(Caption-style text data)
* * * *
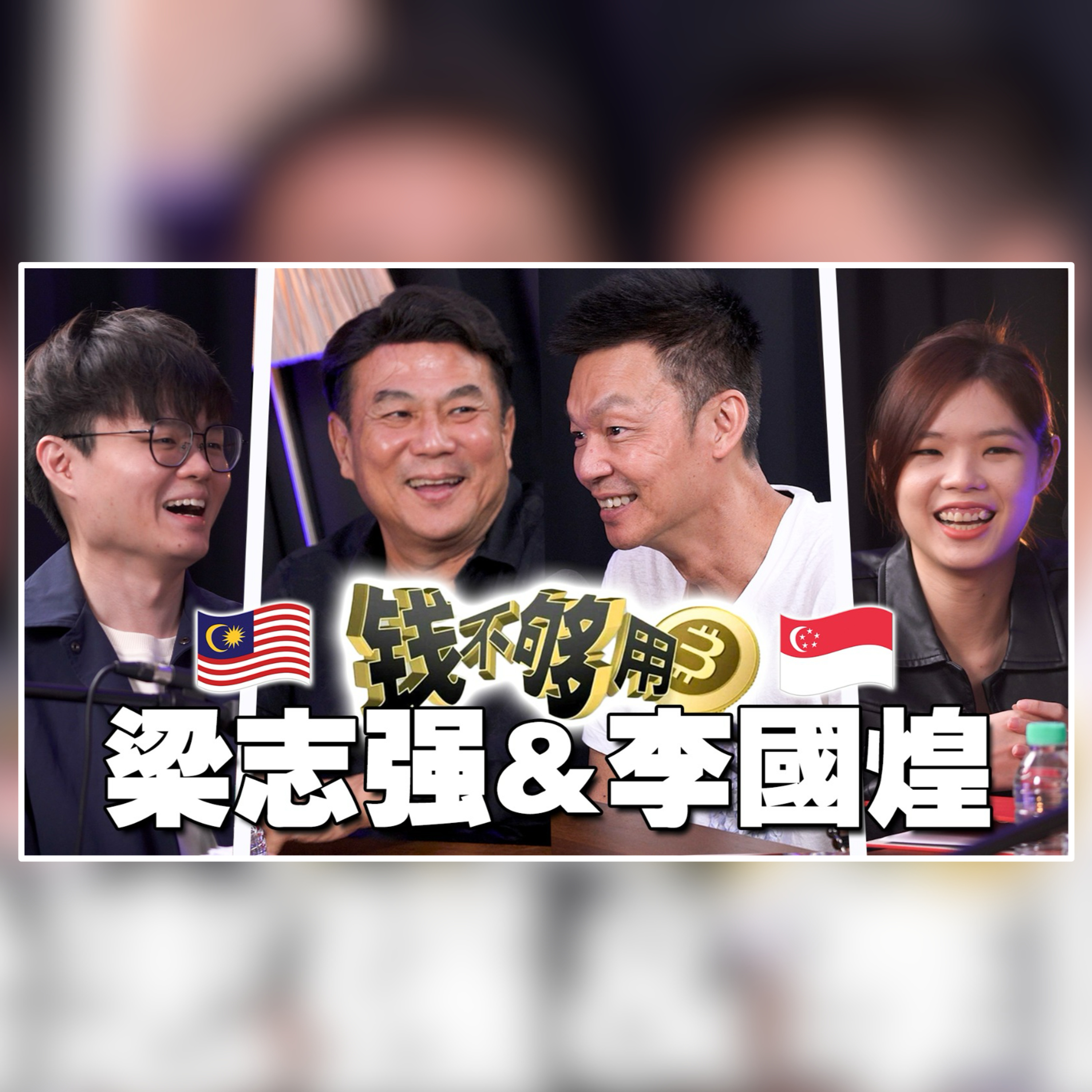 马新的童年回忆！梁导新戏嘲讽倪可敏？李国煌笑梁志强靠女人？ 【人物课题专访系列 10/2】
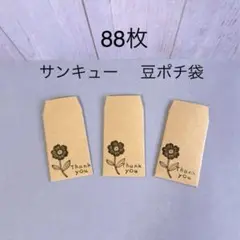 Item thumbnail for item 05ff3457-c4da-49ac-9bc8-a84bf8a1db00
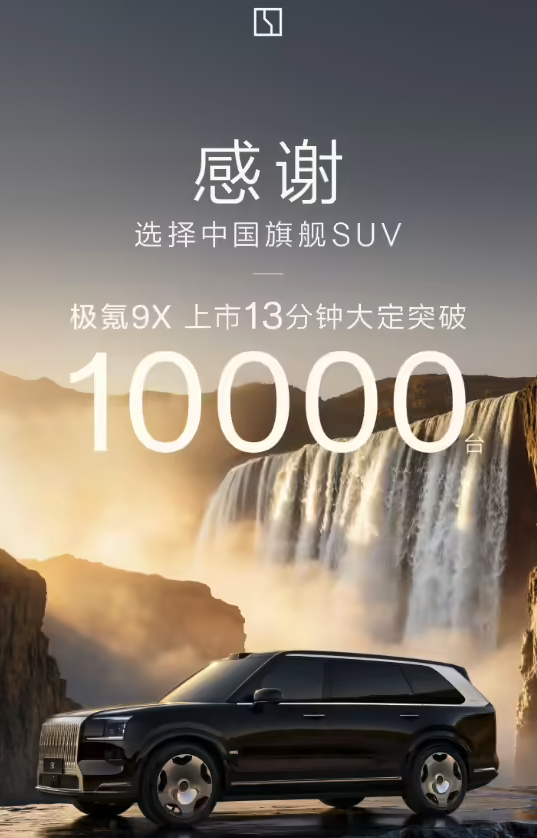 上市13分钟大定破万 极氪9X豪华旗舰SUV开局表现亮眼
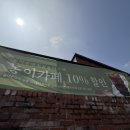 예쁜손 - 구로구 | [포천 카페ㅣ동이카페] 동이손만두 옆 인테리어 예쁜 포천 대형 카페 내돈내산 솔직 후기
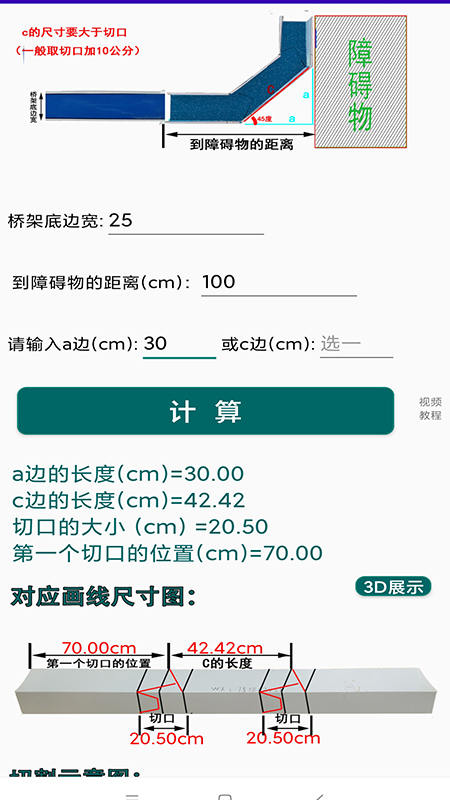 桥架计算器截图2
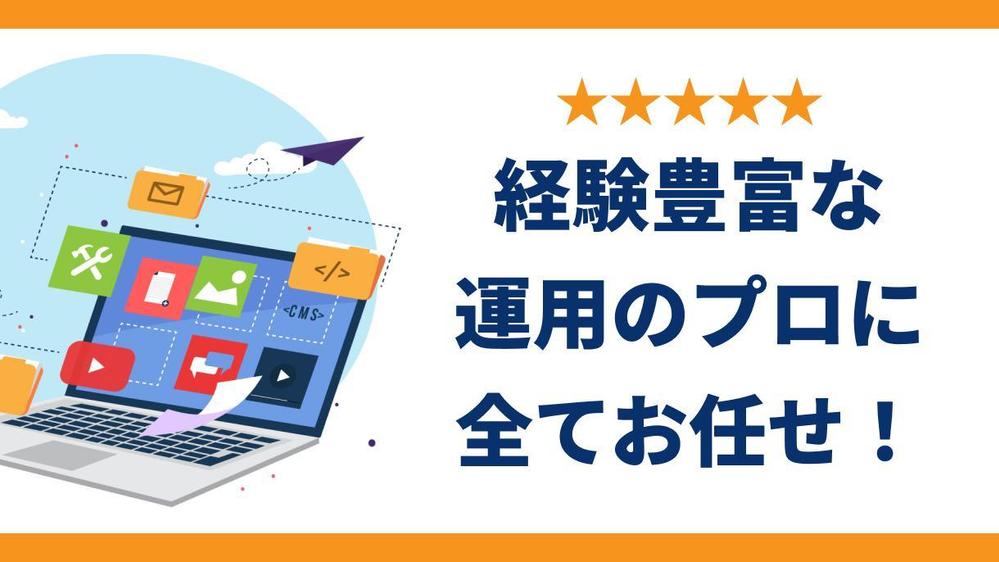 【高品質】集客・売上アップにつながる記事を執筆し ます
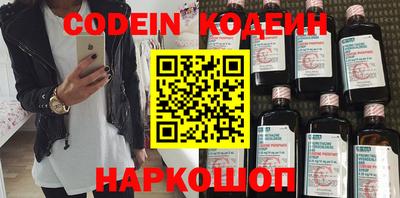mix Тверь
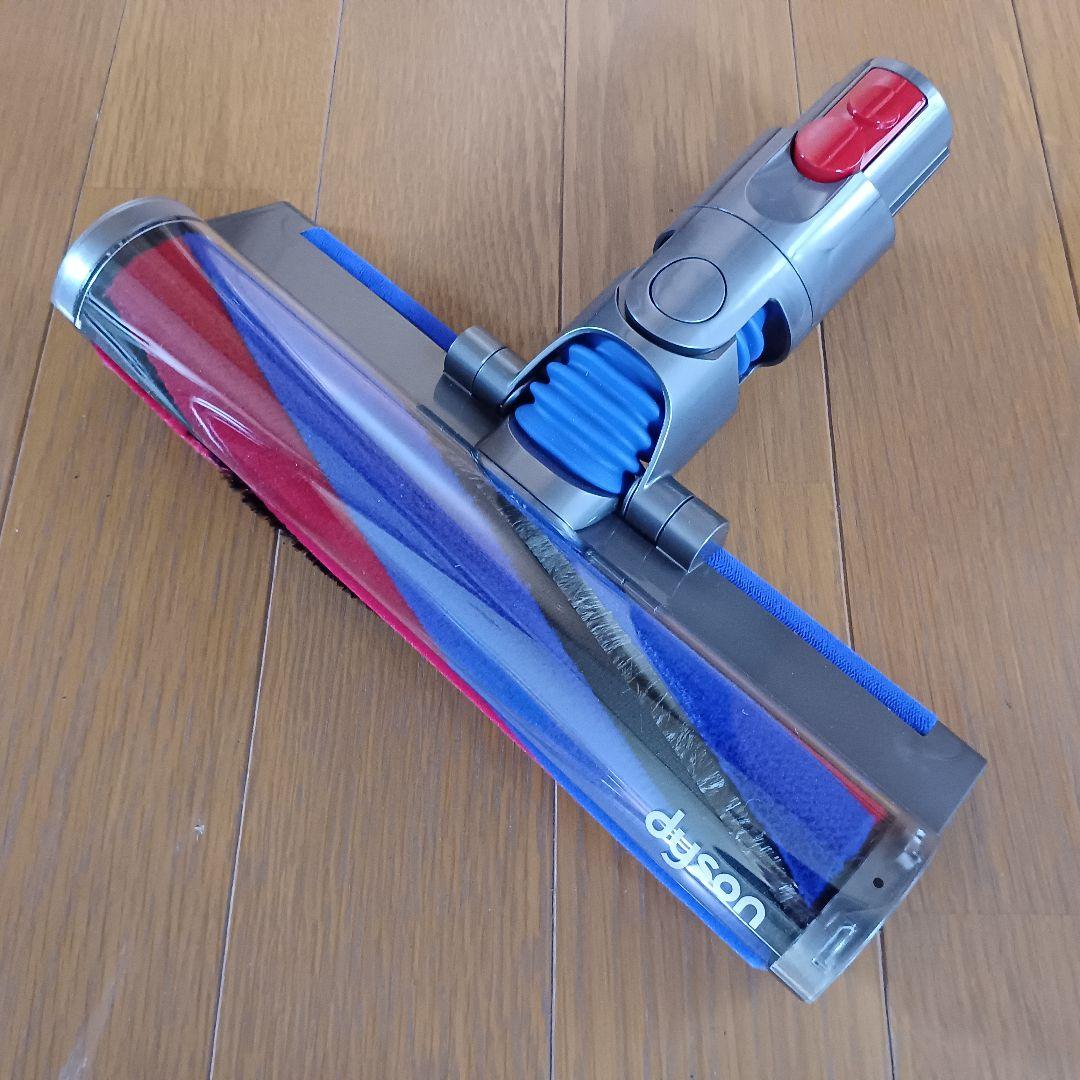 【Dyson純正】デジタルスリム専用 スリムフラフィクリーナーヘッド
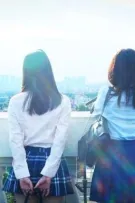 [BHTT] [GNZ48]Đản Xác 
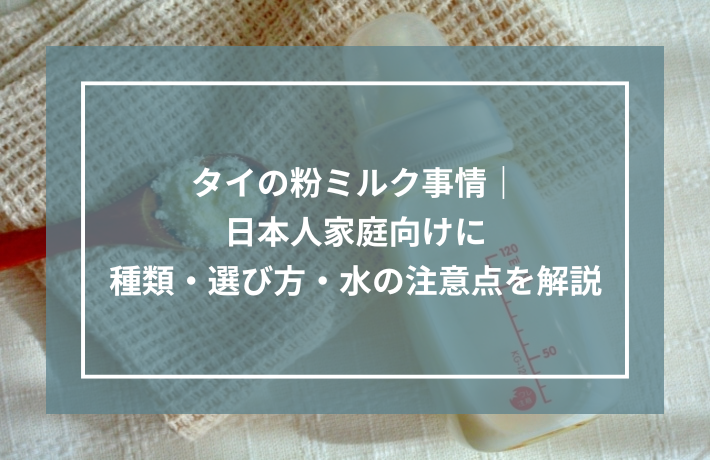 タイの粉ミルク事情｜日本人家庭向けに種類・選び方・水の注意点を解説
* * * *
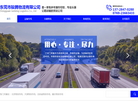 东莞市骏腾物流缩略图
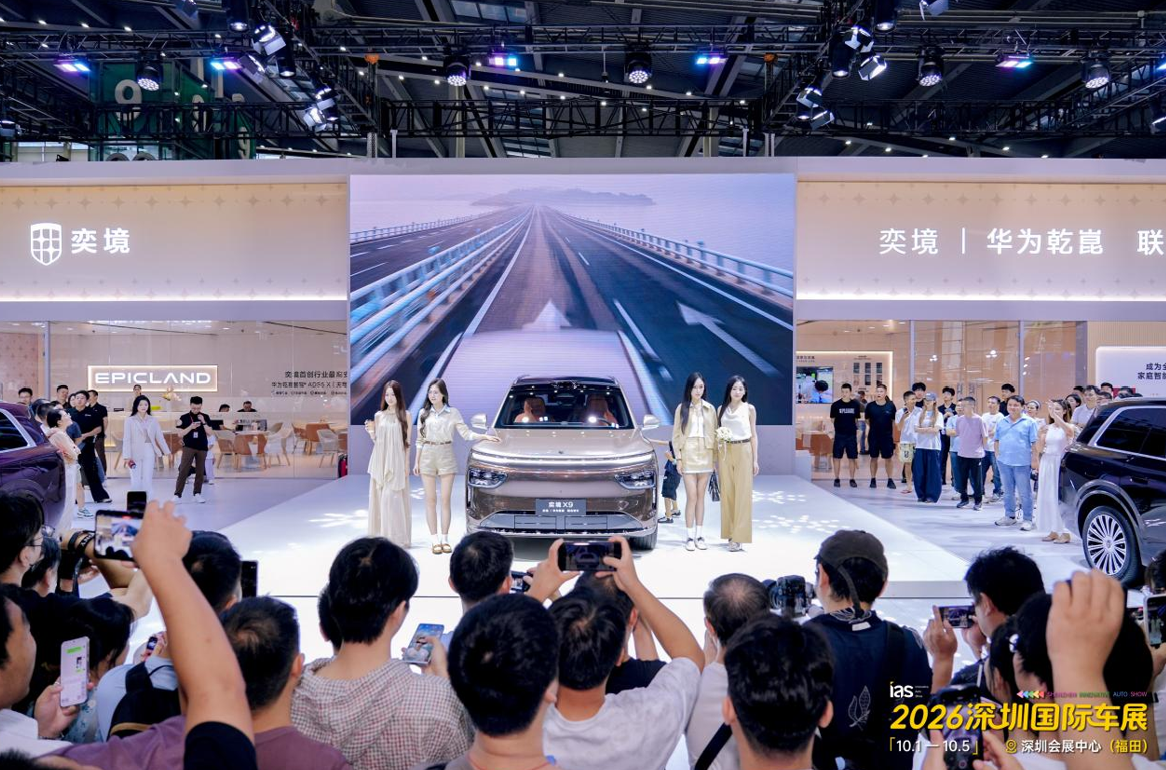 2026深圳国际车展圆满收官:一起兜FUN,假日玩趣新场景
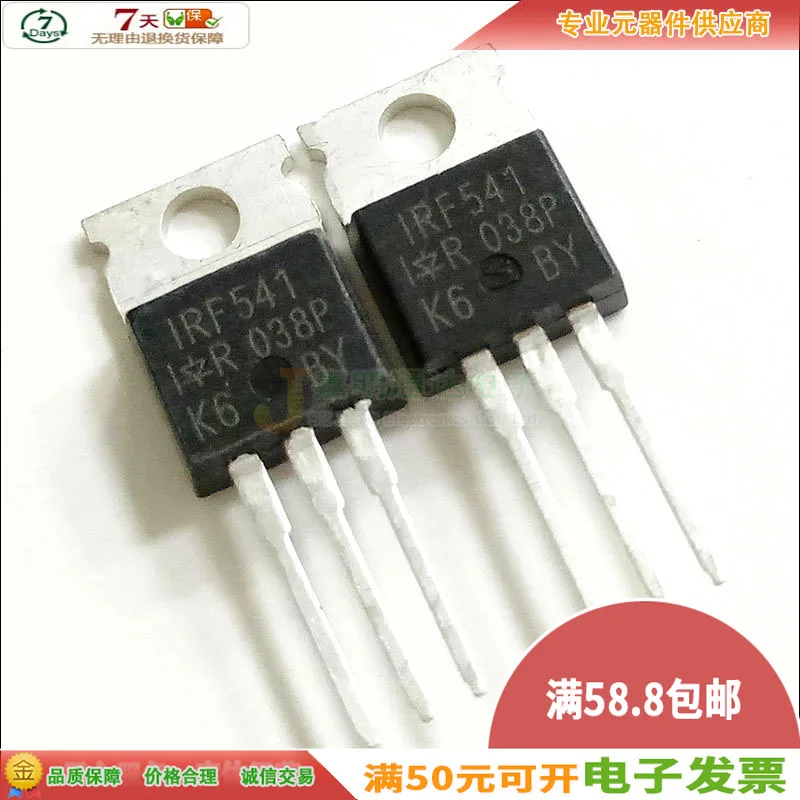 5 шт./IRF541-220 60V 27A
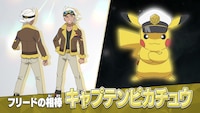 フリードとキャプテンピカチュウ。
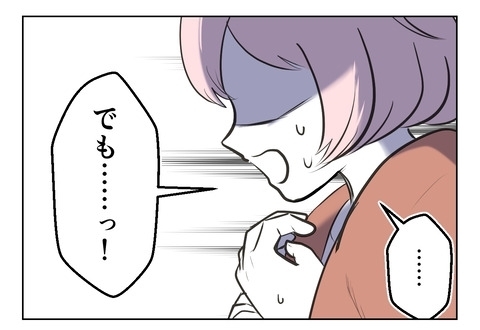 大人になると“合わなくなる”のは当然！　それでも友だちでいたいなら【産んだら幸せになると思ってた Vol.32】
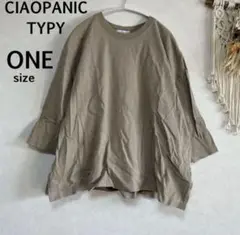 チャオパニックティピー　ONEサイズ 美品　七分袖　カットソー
* * * *
■ Task goal: Take only the lines above from the one that has "马新的童年回忆！梁导新戏嘲讽倪可敏？李国煌笑梁志强靠女人？ 【人物课题专访系列 10/2】" through the one that has "タイの粉ミルク事情｜日本人家庭向けに種類・選び方・水の注意点を解説" and reproduce them exactly, omitting any pictures.

■ Solution to this problem:
 马新的童年回忆！梁导新戏嘲讽倪可敏？李国煌笑梁志强靠女人？ 【人物课题专访系列 10/2】
 Item thumbnail for item 05ff3457-c4da-49ac-9bc8-a84bf8a1db00
 上市13分钟大定破万 极氪9X豪华旗舰SUV开局表现亮眼
 예쁜손 - 구로구 | [포천 카페ㅣ동이카페] 동이손만두 옆 인테리어 예쁜 포천 대형 카페 내돈내산 솔직 후기
 桥架计算器截图2
 【高品質】集客・売上アップにつながる記事を執筆し ます
mix Тверь
 【Dyson純正】デジタルスリム専用 スリムフラフィクリーナーヘッド
 [BHTT] [GNZ48]Đản Xác 
 タイの粉ミルク事情｜日本人家庭向けに種類・選び方・水の注意点を解説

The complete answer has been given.